Per-Generation Function Dispatcher
All addresses on this page apply to
libtpu.sofrom thelibtpu-0.0.40-cp314wheel (build-id89edbbe81c5b328a958fe628a9f2207d, 745 MB, not stripped). VMA == file offset in.text/.rodata/.lrodata. Other builds will differ.
Abstract
A TPU compiler that ships one binary for six silicon generations needs a way to pick the right per-generation implementation — the right target descriptor, cost model, codec, ISA emitter, HAL factory — at run time, keyed on the device it is compiling for. The per-generation function dispatcher is the structural class that does this selection. It is not, as a naive reading of a stripped binary might suggest, one giant switch (version). The dominant mechanism is util_registration::FunctionRegistry<Key, Signature> — a mutex-guarded abseil swiss-table (flat_hash_map) of type-erased std::function factory functors, keyed on the tpu::TpuVersion enum (or, for the ISA emitter, on the pair (TpuVersion, TpuSequencerType)). Lookup is a real swiss-table find(); on a hit, the recovered functor is invoked to construct the per-generation object.
This is the same shape an LLVM engineer knows from TargetRegistry (the RegisterTarget/lookupTarget pattern that lets one llc binary emit for every backend), but built on Google's util_registration library and abseil containers rather than LLVM's intrusive linked list. Registration happens at static-init time: each generation contributes a tiny three-instruction GoogleInitializer thunk (lea functor, %rsi; mov $version, %edi; jmp Register…) that inserts one factory under one version key. Selection is then a lock_shared → find → invoke-functor sequence with no branch ladder anywhere in the hot path.

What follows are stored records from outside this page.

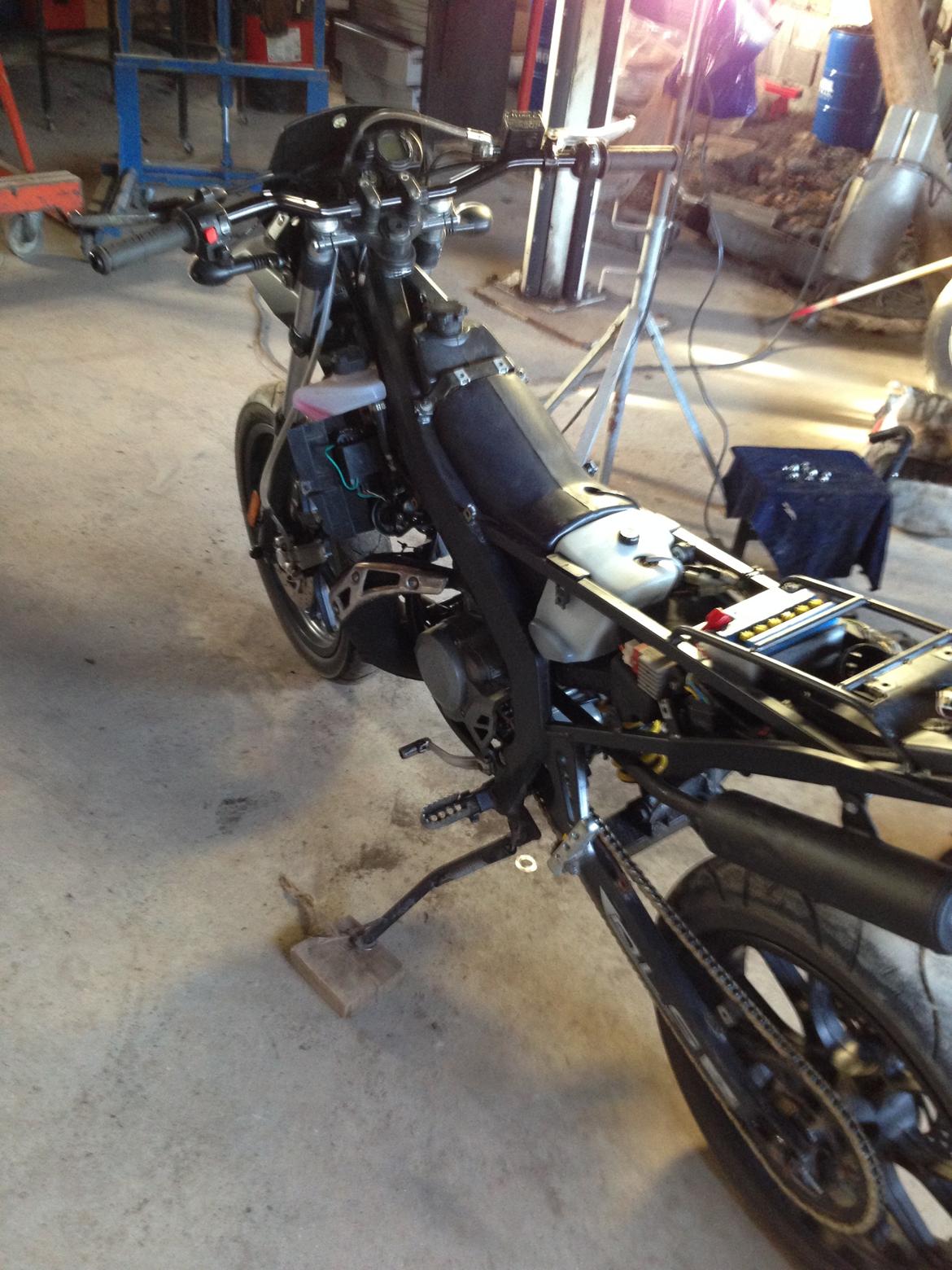 Derbi senda DRD extreme tuning projekt ( underkniven )  billede 5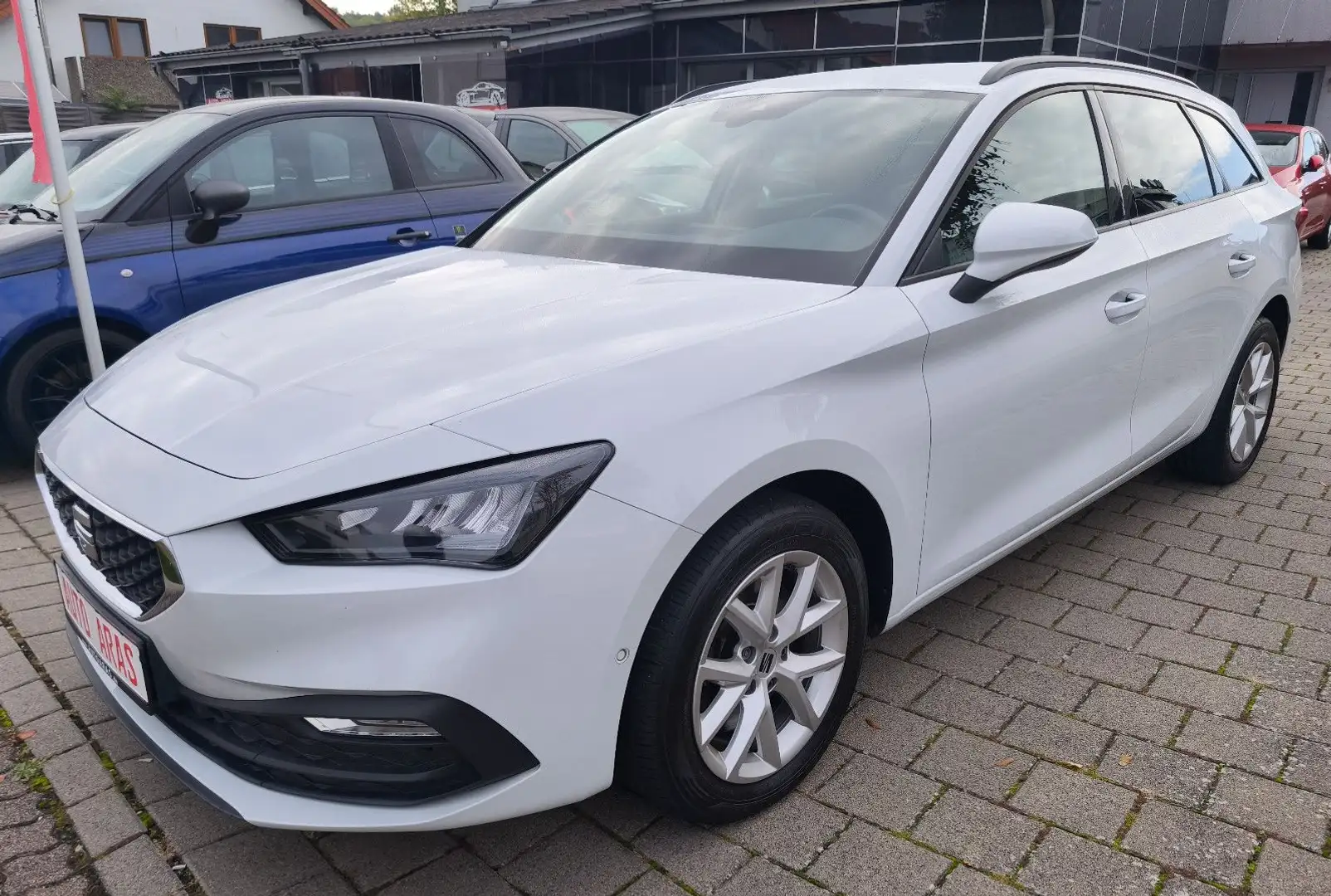 SEAT Leon Sportstourer 2.0 TDI Style aus 1.Hand Weiß - 2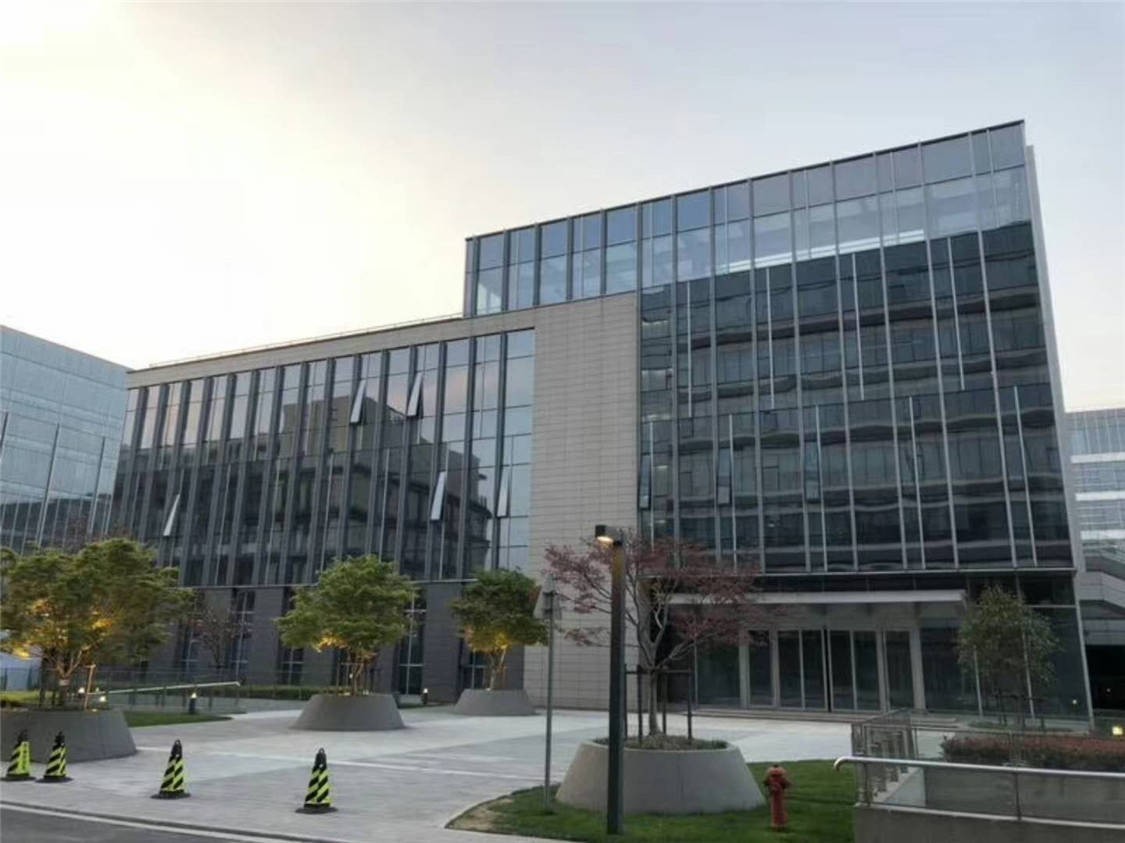 西上海商务新地标：揭秘上海万象城甲级写字楼的生态办公之道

Two other per-generation selection mechanisms coexist with the registry and are documented here for contrast: a small set of LLVM-lowered switch (version) jump tables (the codec factory tpu::TpuCodec::Create, the low-level mnemonic encoder factory, the enum-string utilities), and one static 2-D array indexed [PlatformType][TpuVersion] (the HAL factory store g_hal_factories_by_type). Once any of the three has selected and constructed the per-generation object, all subsequent per-generation behavior dispatches through that object's vtable — the parallel per-codename vtable families (Target 266 slots, CycleTable 5 slots, TpuCodec 6 slots, IsaEmitter 152 slots). The dispatcher selects the family; the vtable runs it. This page is one class within the broader dispatch-table taxonomy; it covers the per-generation registry and its two sibling mechanisms in depth.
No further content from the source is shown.